━━ COLLECTED MATERIAL

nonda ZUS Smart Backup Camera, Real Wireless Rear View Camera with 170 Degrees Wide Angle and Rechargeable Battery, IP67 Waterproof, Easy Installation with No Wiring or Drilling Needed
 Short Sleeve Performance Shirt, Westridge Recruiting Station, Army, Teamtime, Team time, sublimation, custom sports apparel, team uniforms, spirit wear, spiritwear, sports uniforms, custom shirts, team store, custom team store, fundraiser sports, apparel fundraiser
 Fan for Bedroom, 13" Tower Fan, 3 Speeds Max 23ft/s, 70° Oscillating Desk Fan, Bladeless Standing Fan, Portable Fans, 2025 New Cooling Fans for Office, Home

━━━━

WORK ORDER: Repeat all of the listing above exactly, leaving nothing out.

SOLUTION FOR THIS EXERCISE:
nonda ZUS Smart Backup Camera, Real Wireless Rear View Camera with 170 Degrees Wide Angle and Rechargeable Battery, IP67 Waterproof, Easy Installation with No Wiring or Drilling Needed
 Short Sleeve Performance Shirt, Westridge Recruiting Station, Army, Teamtime, Team time, sublimation, custom sports apparel, team uniforms, spirit wear, spiritwear, sports uniforms, custom shirts, team store, custom team store, fundraiser sports, apparel fundraiser
 Fan for Bedroom, 13" Tower Fan, 3 Speeds Max 23ft/s, 70° Oscillating Desk Fan, Bladeless Standing Fan, Portable Fans, 2025 New Cooling Fans for Office, Home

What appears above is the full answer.